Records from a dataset
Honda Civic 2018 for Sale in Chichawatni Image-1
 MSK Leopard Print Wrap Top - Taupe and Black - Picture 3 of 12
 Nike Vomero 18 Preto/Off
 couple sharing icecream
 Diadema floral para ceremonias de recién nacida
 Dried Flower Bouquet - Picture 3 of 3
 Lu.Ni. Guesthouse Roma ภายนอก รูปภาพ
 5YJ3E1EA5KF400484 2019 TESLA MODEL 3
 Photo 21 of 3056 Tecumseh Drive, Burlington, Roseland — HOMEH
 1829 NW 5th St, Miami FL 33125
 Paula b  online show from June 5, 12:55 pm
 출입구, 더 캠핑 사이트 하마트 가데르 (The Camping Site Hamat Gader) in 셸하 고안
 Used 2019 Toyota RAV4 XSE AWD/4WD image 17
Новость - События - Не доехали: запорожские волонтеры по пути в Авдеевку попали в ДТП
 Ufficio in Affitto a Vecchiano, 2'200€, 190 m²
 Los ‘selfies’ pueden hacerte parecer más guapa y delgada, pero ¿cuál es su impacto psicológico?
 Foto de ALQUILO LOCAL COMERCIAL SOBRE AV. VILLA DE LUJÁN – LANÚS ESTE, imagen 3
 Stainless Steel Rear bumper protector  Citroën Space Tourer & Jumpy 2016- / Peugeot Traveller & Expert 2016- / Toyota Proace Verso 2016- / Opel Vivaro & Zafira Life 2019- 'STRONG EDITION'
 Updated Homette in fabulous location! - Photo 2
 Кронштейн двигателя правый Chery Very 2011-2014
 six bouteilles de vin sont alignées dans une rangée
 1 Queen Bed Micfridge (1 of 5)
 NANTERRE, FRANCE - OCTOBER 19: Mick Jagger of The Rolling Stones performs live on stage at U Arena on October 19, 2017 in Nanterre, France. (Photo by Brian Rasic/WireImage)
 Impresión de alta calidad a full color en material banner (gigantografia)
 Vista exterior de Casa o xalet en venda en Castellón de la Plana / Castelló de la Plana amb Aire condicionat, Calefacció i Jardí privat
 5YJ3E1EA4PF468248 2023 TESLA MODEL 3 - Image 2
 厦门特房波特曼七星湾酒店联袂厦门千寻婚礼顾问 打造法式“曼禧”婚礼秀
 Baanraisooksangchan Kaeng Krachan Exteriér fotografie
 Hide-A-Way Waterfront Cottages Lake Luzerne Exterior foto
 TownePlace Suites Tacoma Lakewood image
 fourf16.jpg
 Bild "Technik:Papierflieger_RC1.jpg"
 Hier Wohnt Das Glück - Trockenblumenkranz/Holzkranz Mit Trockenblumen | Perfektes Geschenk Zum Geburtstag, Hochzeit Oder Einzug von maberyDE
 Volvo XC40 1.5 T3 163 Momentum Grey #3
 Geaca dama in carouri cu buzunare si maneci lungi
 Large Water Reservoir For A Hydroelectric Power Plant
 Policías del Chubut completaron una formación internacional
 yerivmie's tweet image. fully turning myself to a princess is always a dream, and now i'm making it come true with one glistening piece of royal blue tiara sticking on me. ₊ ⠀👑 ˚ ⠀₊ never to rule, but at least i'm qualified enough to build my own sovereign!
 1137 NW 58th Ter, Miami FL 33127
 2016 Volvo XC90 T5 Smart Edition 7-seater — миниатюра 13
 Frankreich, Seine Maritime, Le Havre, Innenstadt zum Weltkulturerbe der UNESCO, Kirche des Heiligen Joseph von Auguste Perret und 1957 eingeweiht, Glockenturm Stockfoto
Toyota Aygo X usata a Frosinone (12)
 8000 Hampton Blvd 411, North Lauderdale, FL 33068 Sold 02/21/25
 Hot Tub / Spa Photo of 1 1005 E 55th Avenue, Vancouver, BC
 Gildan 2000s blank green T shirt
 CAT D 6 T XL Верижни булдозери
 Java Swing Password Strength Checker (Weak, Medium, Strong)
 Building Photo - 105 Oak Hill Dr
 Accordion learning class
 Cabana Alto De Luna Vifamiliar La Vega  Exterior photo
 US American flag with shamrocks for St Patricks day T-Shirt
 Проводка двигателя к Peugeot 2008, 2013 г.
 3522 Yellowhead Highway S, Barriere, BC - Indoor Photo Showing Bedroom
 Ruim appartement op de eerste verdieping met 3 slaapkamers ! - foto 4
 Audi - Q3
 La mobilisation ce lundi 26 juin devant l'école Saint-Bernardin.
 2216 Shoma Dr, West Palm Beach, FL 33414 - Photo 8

▸ Exercise directions: Of the lines above, copy each one that contains the word "Picture".

▸ Answer:
 MSK Leopard Print Wrap Top - Taupe and Black - Picture 3 of 12
 Dried Flower Bouquet - Picture 3 of 3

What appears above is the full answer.